Milli Nizam ve Refah Döneminde aktif olarak siyaset yaptınız mı?

          1969 yılında yapılan milletvekilliği seçimlerinde, Erbakan Hoca, bağımsız olarak Konya´dan büyük bir oy ile seçilmişti, seçim kampanyasına bir çok arkadaşımla aktif bir biçimde destek vermiştik. Sonraki yıllarda Milli Nizam Partisini Kurdu. Milli Nizam Patisinin kuruluş  beyannamesini  matbaaya bir arkadaşımla birlikte ben götürdüm. Yıllarca  hocanın el yazısı ile yazılan bu beyannameyi  arşivimde sakladım. 1971 muhtırasında ben Ankara´da öğrenci iken, bir darbe olmuştu, askeri yönetim evleri basıyor, yasak kitap arıyorlardı. Midyat´taki  evimizde benim kitaplar duruyordu. Bir yakınım kitaplarımın içerisinde yasak kitaplar bulunabileceğini düşünüyor ve evdekileri telaşlandırıp, bütün kitaplarımı komşumuzun tandırında yaktırıyor. Siyasi tarihimiz açısından önemli  bir belge olan, Milli Nizam Partisi´nin kurucu lideri olan Erbakan Hocanın el yazısı ile yazdığı kuruluş beyannamesi  diğer kitaplarla birlikte maalesef tandırda yakıldı.

    Siyasi bir kimliğim, siyasi bir düşüncem oluşmuştu, her  seçimde Milli Görüş çizgisindeki siyasi partilere aktif  destek veriyordum ama buna rağmen, ta ki, 1991´deki milletvekilliği seçimine kadar, adaylığım hatta  parti üyeliğim olmadı. O seçimde, arkadaşlarımızın, özellikle dönemin Mardin RP İl Başkanı İzzettin Sağlam  ile rahmetli Fehim Adak abimizin desteği ile 2.sıradan milletvekili adayı oldum ama o seçimde Refah Partimiz MHP ile ittifak kurunca, bölgede ciddi bir oy kaybımız oldu ve Mardin´de barajın altında kaldık.

               Ak Partide siyaset dönemi ne zaman başladı?

 Fazilet Partisinin Abdullah Gül ve Recai Kutan´ın yarıştığı  son kongresinde, Mardin´den seçilen üst kurul delegeleri olarak çoğumuz yenilikçilerin adayı olan Abdullah Gül için oylarımızı kullanmıştık. Yenilikçileri kendimize daha yakın görüyorduk. Zaten yaşça da bir çoğu ile akrandık ve öğrencilik yıllarından gelen bir dostluğumuz vardı. 
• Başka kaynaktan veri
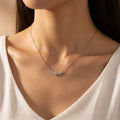 Camille Floral Sparkle Necklace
2001 yılında Afyon İkbal Otelde gerçekleştirilen AK Parti  Kuruluş  çalışmalarına davet edildim. Bazı konularda katkılarım, tekliflerim, önerilerim de oldu. Yayınlanan Kurucular Kurulu listesinde Benim de ismim yer almıştı. Basın o günkü konjönktürde ?liste çok milli görüş ağırlıklı oldu, yenilik bunun neresinde? deyince, Ak Parti listeyi revize etme yoluna gitti. Refah partisinden gelen  40 dolayında  kurucu milletvekilinin ismi  kurucular kurulu listesinden çıkartıldı. Bu çıkarılan isimlerle birlikte, benim de ismim çıkartıldı. Basının eleştirisi  üzerine  biz kazaya uğradık. Yüksek seçim Kuruluna verilen  lisede ismimiz yer almadı. 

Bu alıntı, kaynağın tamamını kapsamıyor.